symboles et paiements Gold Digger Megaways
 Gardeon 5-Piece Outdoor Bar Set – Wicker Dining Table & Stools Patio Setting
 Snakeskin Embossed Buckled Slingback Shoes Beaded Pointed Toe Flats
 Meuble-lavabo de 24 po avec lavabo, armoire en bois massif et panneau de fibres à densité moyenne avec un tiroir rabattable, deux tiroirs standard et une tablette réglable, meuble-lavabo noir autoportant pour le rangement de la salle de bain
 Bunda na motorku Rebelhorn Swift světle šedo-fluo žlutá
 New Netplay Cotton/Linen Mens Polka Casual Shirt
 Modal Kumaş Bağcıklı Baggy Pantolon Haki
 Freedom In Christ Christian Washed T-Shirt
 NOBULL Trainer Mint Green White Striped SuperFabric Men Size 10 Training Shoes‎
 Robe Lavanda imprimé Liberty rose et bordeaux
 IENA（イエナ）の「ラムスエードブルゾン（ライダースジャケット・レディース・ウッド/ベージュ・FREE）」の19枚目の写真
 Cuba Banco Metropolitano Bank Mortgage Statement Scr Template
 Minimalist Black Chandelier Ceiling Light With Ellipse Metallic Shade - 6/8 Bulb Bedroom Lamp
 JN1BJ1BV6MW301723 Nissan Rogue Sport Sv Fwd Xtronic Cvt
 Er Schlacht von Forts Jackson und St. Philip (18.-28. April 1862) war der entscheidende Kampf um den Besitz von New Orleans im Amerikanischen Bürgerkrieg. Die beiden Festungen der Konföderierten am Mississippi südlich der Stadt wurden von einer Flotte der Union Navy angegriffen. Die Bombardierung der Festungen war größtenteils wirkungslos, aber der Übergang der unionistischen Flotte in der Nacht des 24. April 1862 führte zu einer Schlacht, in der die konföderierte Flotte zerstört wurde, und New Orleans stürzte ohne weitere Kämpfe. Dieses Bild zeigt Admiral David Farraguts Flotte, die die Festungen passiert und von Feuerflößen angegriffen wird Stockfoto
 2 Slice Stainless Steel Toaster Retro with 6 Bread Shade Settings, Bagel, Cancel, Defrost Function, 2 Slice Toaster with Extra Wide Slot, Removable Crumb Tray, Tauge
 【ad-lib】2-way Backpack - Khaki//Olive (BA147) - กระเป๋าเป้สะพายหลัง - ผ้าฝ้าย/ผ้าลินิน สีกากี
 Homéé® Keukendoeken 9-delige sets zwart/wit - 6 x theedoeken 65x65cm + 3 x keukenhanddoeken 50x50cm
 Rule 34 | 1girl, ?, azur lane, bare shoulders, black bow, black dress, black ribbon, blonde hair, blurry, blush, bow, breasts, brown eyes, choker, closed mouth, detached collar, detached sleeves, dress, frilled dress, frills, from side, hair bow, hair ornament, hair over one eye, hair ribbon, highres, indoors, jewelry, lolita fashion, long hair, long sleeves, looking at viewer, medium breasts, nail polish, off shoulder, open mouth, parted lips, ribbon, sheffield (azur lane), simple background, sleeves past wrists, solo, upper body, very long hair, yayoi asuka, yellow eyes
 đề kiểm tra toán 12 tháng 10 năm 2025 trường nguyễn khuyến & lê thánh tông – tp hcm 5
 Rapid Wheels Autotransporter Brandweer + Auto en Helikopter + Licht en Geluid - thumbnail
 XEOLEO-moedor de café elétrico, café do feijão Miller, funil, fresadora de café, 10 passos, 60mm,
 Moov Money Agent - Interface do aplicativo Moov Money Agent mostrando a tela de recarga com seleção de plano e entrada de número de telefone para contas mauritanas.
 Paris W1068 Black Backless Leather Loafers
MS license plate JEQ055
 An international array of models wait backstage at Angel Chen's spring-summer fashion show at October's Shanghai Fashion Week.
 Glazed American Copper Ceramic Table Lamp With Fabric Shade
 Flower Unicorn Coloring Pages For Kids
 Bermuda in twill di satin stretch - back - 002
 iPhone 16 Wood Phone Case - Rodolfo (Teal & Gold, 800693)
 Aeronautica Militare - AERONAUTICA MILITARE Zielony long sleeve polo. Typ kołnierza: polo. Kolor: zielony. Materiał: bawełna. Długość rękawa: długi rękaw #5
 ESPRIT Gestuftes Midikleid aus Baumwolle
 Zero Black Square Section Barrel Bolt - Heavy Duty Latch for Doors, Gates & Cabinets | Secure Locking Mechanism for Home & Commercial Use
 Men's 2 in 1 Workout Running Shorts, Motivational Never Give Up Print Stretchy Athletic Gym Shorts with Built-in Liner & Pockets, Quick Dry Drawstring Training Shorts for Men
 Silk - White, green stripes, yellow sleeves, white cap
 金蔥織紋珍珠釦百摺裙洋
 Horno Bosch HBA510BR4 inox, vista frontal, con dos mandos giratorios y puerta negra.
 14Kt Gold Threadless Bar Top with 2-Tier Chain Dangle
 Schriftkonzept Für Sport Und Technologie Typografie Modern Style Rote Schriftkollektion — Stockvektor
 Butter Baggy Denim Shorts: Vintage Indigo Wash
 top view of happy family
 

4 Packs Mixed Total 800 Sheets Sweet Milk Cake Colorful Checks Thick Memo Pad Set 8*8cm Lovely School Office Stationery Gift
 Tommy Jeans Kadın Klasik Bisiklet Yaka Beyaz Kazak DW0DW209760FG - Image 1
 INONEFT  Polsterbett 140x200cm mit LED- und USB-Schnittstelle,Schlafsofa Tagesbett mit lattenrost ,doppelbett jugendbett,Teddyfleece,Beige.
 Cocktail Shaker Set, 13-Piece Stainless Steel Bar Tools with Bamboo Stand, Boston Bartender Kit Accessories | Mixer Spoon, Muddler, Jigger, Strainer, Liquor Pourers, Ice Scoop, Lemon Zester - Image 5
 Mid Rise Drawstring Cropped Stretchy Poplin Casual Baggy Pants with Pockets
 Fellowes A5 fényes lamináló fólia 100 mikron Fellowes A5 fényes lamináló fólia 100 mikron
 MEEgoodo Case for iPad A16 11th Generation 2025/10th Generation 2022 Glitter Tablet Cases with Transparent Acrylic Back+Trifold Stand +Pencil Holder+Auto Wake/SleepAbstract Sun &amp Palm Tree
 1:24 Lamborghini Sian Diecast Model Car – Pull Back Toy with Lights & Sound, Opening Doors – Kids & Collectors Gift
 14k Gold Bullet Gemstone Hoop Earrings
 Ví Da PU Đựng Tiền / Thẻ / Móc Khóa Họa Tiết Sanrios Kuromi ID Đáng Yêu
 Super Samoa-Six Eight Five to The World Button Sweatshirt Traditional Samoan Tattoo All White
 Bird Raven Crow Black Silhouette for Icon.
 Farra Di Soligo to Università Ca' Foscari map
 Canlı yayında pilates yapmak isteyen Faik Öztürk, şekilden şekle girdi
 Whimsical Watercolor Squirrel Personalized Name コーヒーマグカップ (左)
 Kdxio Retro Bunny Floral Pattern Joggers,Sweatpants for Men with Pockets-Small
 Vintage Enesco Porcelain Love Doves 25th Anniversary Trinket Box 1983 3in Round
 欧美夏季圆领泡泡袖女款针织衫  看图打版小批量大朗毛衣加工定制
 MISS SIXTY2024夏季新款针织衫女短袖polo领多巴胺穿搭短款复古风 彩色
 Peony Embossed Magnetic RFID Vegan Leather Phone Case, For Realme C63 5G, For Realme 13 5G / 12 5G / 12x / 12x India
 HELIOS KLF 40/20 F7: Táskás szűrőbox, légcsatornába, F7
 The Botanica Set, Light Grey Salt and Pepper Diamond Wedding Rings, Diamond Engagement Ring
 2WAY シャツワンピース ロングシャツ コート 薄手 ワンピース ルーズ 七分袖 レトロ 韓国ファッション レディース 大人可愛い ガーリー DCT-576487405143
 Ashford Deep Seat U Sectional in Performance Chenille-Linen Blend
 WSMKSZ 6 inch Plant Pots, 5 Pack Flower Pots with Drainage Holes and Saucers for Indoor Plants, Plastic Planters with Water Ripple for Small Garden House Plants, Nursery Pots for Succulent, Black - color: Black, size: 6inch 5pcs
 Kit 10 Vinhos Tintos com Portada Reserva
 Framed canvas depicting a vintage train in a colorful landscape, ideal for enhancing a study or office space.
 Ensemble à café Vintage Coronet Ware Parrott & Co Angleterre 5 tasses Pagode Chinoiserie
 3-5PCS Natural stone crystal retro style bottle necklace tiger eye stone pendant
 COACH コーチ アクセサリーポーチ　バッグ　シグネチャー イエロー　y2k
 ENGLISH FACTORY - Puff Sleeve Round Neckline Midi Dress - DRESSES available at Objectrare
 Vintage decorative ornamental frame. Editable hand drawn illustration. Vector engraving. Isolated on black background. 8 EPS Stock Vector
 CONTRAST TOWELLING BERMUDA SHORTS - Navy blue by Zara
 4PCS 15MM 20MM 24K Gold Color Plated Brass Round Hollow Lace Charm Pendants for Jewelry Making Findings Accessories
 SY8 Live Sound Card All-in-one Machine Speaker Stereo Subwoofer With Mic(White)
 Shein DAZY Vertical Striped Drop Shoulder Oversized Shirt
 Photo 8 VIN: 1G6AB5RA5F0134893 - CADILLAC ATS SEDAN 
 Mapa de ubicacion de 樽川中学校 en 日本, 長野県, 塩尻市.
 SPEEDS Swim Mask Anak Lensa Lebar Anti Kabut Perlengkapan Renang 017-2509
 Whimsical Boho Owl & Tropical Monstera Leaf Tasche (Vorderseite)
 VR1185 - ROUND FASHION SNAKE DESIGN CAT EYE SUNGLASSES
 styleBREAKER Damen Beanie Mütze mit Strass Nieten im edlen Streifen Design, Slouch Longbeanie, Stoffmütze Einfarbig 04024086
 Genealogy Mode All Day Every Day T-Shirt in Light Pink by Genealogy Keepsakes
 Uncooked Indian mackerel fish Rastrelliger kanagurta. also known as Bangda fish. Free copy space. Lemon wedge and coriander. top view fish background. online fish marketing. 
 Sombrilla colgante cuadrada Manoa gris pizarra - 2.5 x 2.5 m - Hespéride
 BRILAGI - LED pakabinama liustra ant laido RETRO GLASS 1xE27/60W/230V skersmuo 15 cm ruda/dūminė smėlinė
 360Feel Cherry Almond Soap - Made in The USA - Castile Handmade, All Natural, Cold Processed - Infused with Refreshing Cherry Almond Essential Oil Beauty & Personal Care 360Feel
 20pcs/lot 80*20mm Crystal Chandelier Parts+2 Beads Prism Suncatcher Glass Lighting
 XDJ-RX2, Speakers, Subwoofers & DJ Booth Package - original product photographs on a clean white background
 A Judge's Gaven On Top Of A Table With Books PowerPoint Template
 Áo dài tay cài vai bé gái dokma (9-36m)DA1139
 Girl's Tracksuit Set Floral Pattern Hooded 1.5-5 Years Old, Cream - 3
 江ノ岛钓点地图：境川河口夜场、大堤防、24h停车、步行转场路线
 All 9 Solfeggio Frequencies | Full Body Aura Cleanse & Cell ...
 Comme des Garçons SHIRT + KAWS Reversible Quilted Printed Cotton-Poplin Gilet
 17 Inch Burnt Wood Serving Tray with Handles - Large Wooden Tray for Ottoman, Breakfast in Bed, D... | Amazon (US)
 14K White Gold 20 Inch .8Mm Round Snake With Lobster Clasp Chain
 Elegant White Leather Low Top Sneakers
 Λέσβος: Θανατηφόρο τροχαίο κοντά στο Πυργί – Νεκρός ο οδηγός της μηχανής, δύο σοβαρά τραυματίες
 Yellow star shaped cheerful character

________________________

• **HOW TO COMPLETE THIS TASK**
Every line from the one containing "17 Inch Burnt" through the end of the data must be repeated exactly, and no other line.

• **RESULT FOR THIS TASK**
 17 Inch Burnt Wood Serving Tray with Handles - Large Wooden Tray for Ottoman, Breakfast in Bed, D... | Amazon (US)
 14K White Gold 20 Inch .8Mm Round Snake With Lobster Clasp Chain
 Elegant White Leather Low Top Sneakers
 Λέσβος: Θανατηφόρο τροχαίο κοντά στο Πυργί – Νεκρός ο οδηγός της μηχανής, δύο σοβαρά τραυματίες
 Yellow star shaped cheerful character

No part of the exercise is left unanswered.